I don’t think it matters much in elementary school, but unexcused absences at my son’s school (6th-12th, prep school style charter) result in no credit for any work or tests that day.

If attendance is mandatory under state law, then, yes, the school has a right to ask the reason for the absence.

In our school district (Minneapolis), attending school is mandatory through the age of 18. Kids have to attend every day and on time unless they have a lawful reason. Those reasons are religious observances, family emergencies, or illness. The school has a right to ask for medical verification. If the child has more than 6 unexcused absences, the Hennepin County Attorney gets involved. If there are more than 9 unexcused absences, Child Protection steps in. If the child is under 12, it’s considered educational neglect and the parent may be charged with a gross misdemeanor. Sadly, despite all this, the graduation rate was only 73 percent in 2010.

When enrolling the child with the school, the parent undertakes to ensure the child attends during school hours - refusing to explain why their child is not attending as required puts the parent firmly in breach.

Like any contract, there will be different exceptions and tolerances. Currently my kid would receive a detention after returning from an unexplained absence, her previous school had different consequences.

Not for a single day, no. But in the state where I live (WV) school absenteeism has been such a huge problem they finally changed the laws about it a year or two ago. Enough unexcused absences in one year, and the parents wind up in court.

My take on this is, the school does have charge of a child for a large part of the week, and a huge amount of resources are expended to keep that child housed, fed, educated, etc. while he’s in school. (depending on the district, I think it’s anywhere from 4-10$k a year per child).

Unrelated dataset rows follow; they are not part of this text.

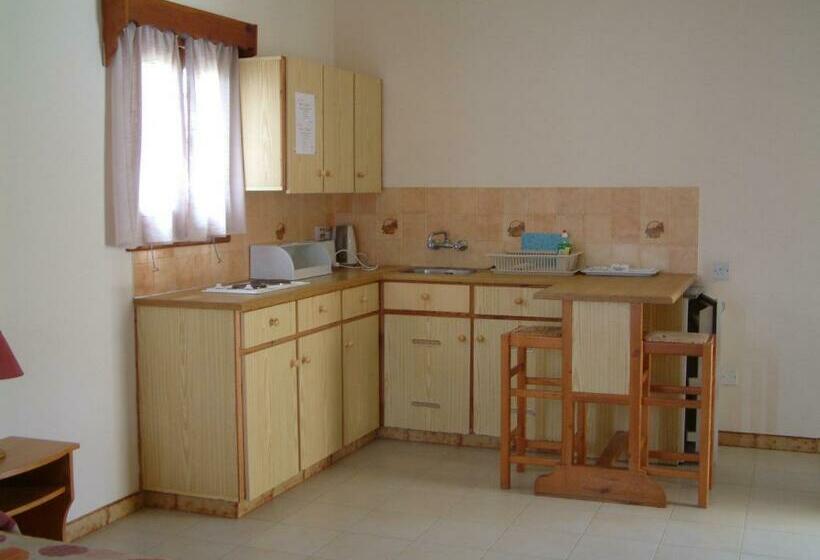 استودیوی استاندارد, Pelekanos Apartments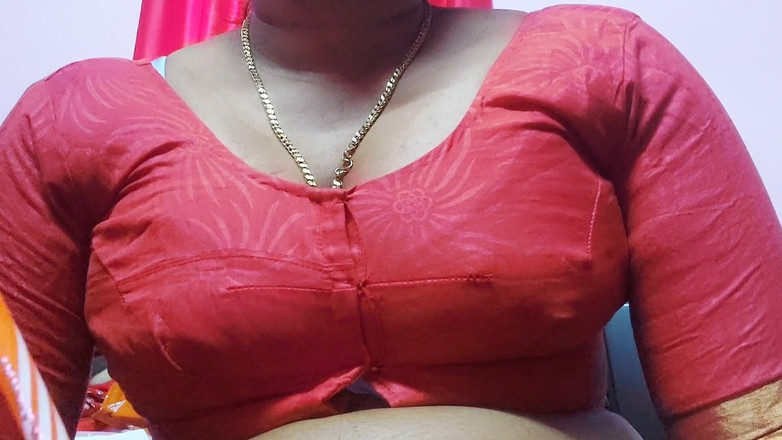 Desi Mohini: Evli kadın erkek arkadaşını otele götürüyor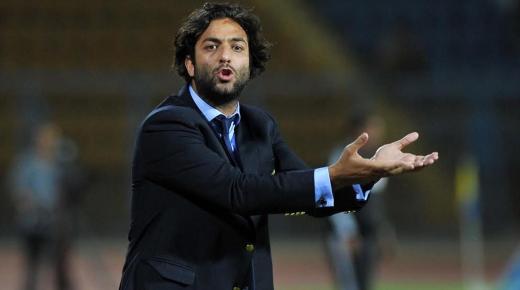 ميدو يدافع عن نفسه بعد صورة الخطيب: الله يخرب بيت اللي اخترع اللجان الإلكترونية”
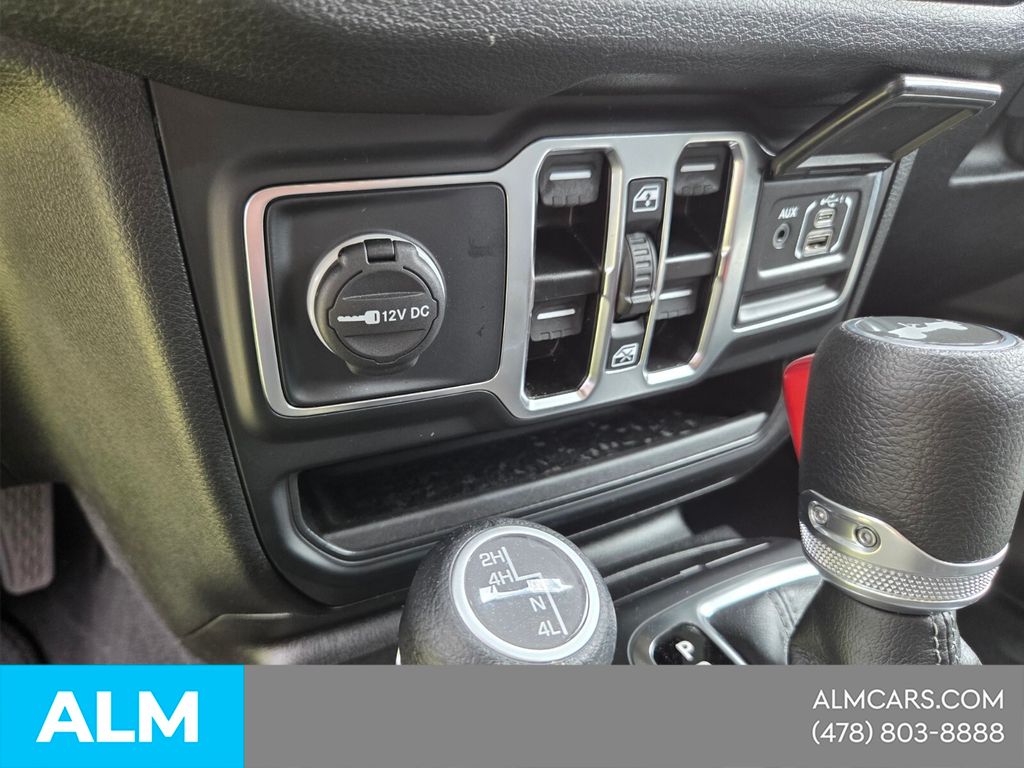 Used 2025 Gray Jeep Sport S image 20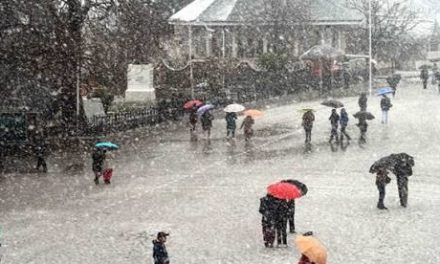 A fresh spell of rainfall lashed the plains of Jammu and Kashmir while the higher reaches received moderate snowfall on Friday.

That’s a lot of public money being spent, and parents who blow off sending their kid to school without a good reason are wasting it, and creating a drain on the system. I agree with the earlier poster who said a parent like that is undermining the school’s authority, not the other way around. They are undermining it because they are wasting the public resources expended for their child’s benefit.

Do schools regularly get funding for excused absences? I thought they got paid if the butt was in the seat, and not if not. But that would explain the distinction between excused and unexcused absences…

Oh, and no, I don’t think they have a “right” to know why the kid is absent, but I’m happy to feed them a pleasant lie if they insist they must check a checkbox.